Un an après les faits, l’affaire des  « accusés de Tarnac » ne fait plus beaucoup de bruit et pour cause, incohérence de l’enquête, charges inconséquentes. A ce jour, la justice n’a pu produire aucune preuve matérielle liant les neuf jeunes mis en examen aux sabotages des voies TGV intervenus dans la nuit du 7 au 8 novembre 2008.

 

A l’époque, Madame Alliot-Marie parle de menaces terroristes sur la France, de la réactivation des cellules de l’ultragauche et des dangers qu’elles représentent pour notre sécurité intérieure. Et là, on commence à se poser des questions, à se dire « mais c’est pas possible, c’est trop facile, trop gros, ridicule et surtout précipité » Mais Pourquoi ?

 

« La liberté d'une personne est fonction de l'absence d'informations que les autres ont sur elle.
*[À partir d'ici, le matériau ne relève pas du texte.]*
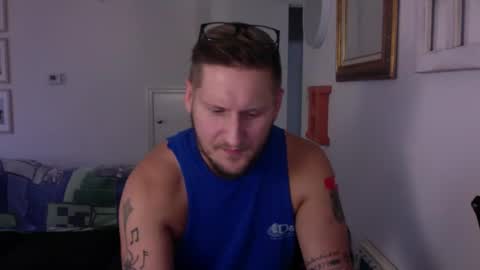 Christopher the Blue-Eye Guy online show from October 2, 2025, 4:03 pm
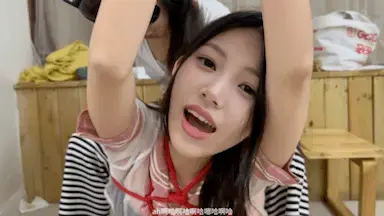 限时特惠【MUMUZI】【我的AI剧场】【大型剧情片】【邪恶的女画家三】 没想到你是一个阴阳人！被主人痛苦折磨 第三集：原来你是阴阳人<br>模特被画家训练成乖乖的小猫~给模特喂食逗模特小猫~给模特指令：坐、蹲、爬、站、叫~见模特非常听话画家让模特趴下把模特体内的跳蛋拿出来~啊~的一声跳蛋取出，画家把跳蛋<br>拿到模特面前给模特看看跳蛋上的粘液让模特乖乖听话否则再次塞入模特体内~模特见画家转过身去把跳蛋放好时，站起过去想勒住画家脖子向着画家要害抓去惊讶的发现画家居然是个阴阳人！！！！<br><br>PS：下载后～输入解压码mmzi解压打开zip在次输入mmzi<br><br>***在线视频720P  网盘原视频1080P***<br><br>❥ MUMUZI工作室 专做女女的工作室 收藏加关注 追番不迷路<br>❥ MUMUZI首页作品https://www.linzijun.app/@MUMUZI<br>❥ 联系方式  QQ<span style='color:#b0b0b0;'>[隐藏文字，购买后可见]</span> 非诚勿扰 小姐姐脾气不好     <br>❥ MUMUZI业务范围：订拍  原味 等全面综合业务<br><br>原味出售：模特拍摄穿的丝袜、嘟嘴丝袜、袜子，内裤、服装、口水、道具等原味都可出售质量保证<br><br>注：链接失效 如遇到问题  请联系客服或私信我们第一时间处理 放心购买 感谢支持<br>感谢大家对我们原创视频的支持，感谢大家的喜欢～<br>可以留言提意见，我们都会回复哦～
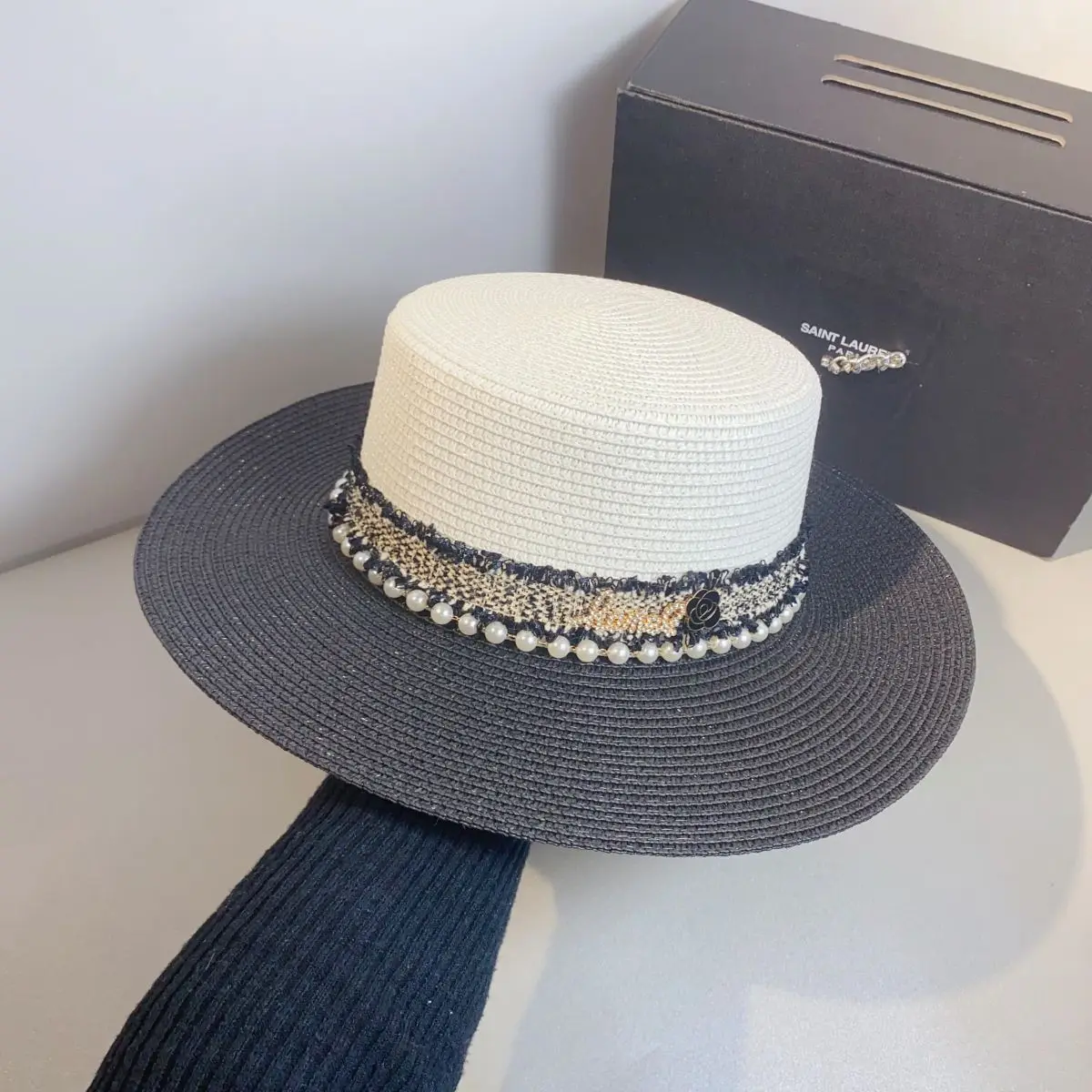 Spring/Summer British Hat, Beach Sunscreen, Beach Sunshade, Small Fragrant Wind, Pearl Chain, Leisure Flat Top Straw Hat, Women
Si une société sait tout sur moi, je suis un homme qui ne peut plus être libre. » Albert jacquard

 

…à partir de ce moment, on commence à penser de nouveau à la polémique suscitée sur le fichier edvige en 2008 et puis s’enchaînent les événements jusqu’aux violences de Poitiers du mois d’octobre 2009 (18 vitrines brisées en tout et pour tout , loin de la guérilla urbaine dont on nous a chloroformé les oreilles et les yeux ) et on se dit alors que Brice Hortefeux a été plus prompt à profiter de la situation que Madame Alliot-Marie en son temps pour ressusciter Edvige, Le premier décret vise la prévention des atteintes à la sécurité publique, le second la sécurisation des emplois sensibles. Deux motifs d'une collecte très large d'informations personnelles.

 

On comprend mieux la tactique du gouvernement et la nécessité de s’inventer un ennemi pour justifier toutes les lois iniques, insensés et liberticides, sauf que l’histoire de Tarnac ne tenait pas. Il aura donc fallu attendre ou fabriquer Poitiers pour les faire passer et accepter par l’opinion.